Darren Calabrese/La Presse canadienne Justin Trudeau

FREDERICTON — Le premier ministre fédéral Justin Trudeau a rencontré dimanche les familles des deux policiers de Fredericton morts en devoir la semaine dernière. Il a confié aux enfants un secret personnel: vivre un deuil est plus facile lorsqu’on a tout un pays derrière soi pour se réconforter.

Accompagné de son fils Hadrien, M. Trudeau s’est ensuite rendu au quartier général de la Force policière de Fredericton pour y déposer des fleurs au mémorial dédié aux agents Robb Costello et Sara Burns ainsi qu’aux deux autres victimes civiles de la fusillade de vendredi, Donnie Robichaud et Bobbie Lee Wright.

Le premier ministre avait déjà prévu de se rendre dans la capitale du Nouveau-Brunswick pour participer au défilé de la Fierté, mais le programme de la journée a été modifié à cause de la tragédie.

Il a semblé faire allusion au fort soutien populaire que sa famille et lui avaient reçu à la suite de la mort de son père, l’ancien premier ministre fédéral Pierre Elliott Trudeau, en 2000.

«J’ai parlé à leurs enfants pour leur souligner quelque chose que j’ai vécu: quand on a un pays entier derrière soi pour nous aider à traverser un deuil, c’est un peu plus facile d’y parvenir. Pas beaucoup plus facile, mais un peu plus facile quand même», a-t-il déclaré aux journalistes présents.

Le défilé, beaucoup moins festif que les précédents, a quand même eu lieu. «C’est notre façon d’établir de nouveau notre foi en la collectivité et de pouvoir célébrer, a dit le maire de la ville, Mike O’Brien.
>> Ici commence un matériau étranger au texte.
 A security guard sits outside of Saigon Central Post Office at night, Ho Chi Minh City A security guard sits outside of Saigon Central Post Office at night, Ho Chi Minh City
C’est un moyen de célébrer même pendant notre période de deuil.»

L’événement s’est amorcé par une minute de silence. Les organisateurs avaient indiqué sur Facebook qu’ils marcheraient «en reconnaissance de notre chef de la police Leanne Fitch, des premiers intervenants, et de tous les officiers qui risquent leur vie quotidiennement pour nous protéger».

Des funérailles régimentaires sont prévues pour célébrer la vie des deux policiers tombés, Sara Burns et Robb Costello, et leur rendre hommage, a indiqué par communiqué l’agente d’information Alycia Bartlett, dimanche après-midi. Les obsèques auront lieu le samedi 18 août à 13 h (heure locale) au centre universitaire Aitken.
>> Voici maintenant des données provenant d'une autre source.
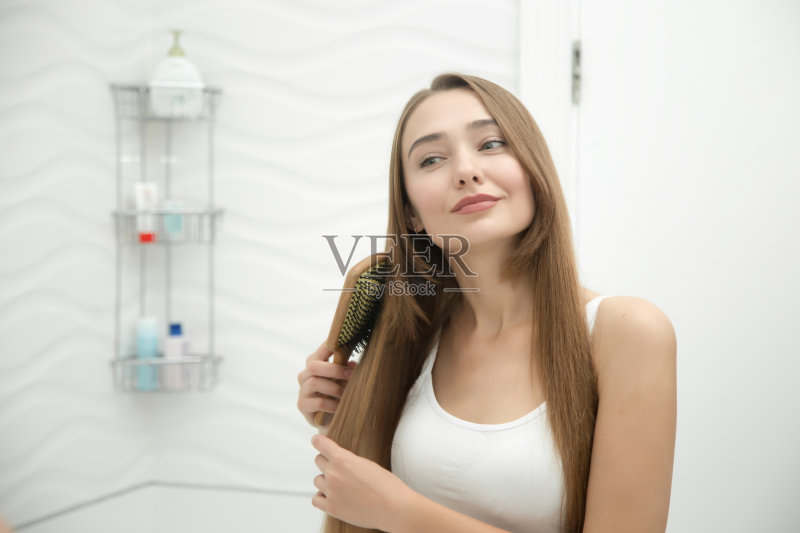 一个微笑的小女孩梳头发的肖像正版图片素材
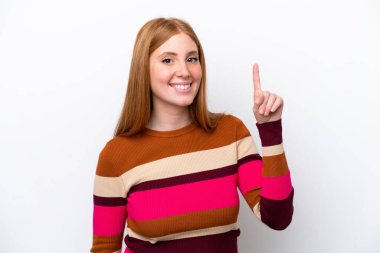 Beyaz arka planda izole edilmiş genç kızıl saçlı kadın en iyinin işareti olarak parmağını kaldırıyor ve gösteriyor.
La porte-parole a aussi mentionné qu’un livre de condoléances sera mis à la disposition du public à partir de lundi à l’hôtel de ville de Fredericton.

Il y a eu un grand nombre de gestes de solidarité dans la petite ville. Les résidants se sont arrêtés au quartier général de la force de police de Fredericton pour y déposer des fleurs, des notes et des oursons en peluche pour les agents décédés.

«Nous vous sommes reconnaissants de l’appui que vous nous avez démontré en laissant des fleurs et des cartes devant le poste de police. En tant que Frederictoniennes et Frederictoniens, nous souffrons de la mort de quatre des nôtres, mais nous sommes également touchés par le soutien manifesté envers nos policiers tombés en service, les deux autres personnes tuées et leurs familles et amis», a affirmé la chef de police de Fredericton, Leanne Fitch.

Le maire O’Brien a affirmé que la Ville allait tendre la main aux habitants du quartier de Brookside Drive, où la violence mortelle s’est produite.

«Ils ont été traumatisés tout comme le reste de la ville, a-t-il déclaré. La police et la Ville les contacteront dans un avenir proche avec des informations sur la manière dont nous pouvons nous rassembler en tant que communauté.»

Une équipe de bénévoles de la Croix-Rouge canadienne a aidé à organiser un hébergement d’urgence pour 46 personnes déplacées par l’enquête. Au moins huit autres personnes séjournent en famille ou entre amis.

Matthew Vincent Raymond, 48 ans, a été accusé de quatre chefs de meurtre au premier degré et devrait comparaître devant le tribunal le 27 août.

La police n’a pas précisé si le suspect et les victimes se connaissaient et n’a pas fait d’hypothèse sur le motif du tireur.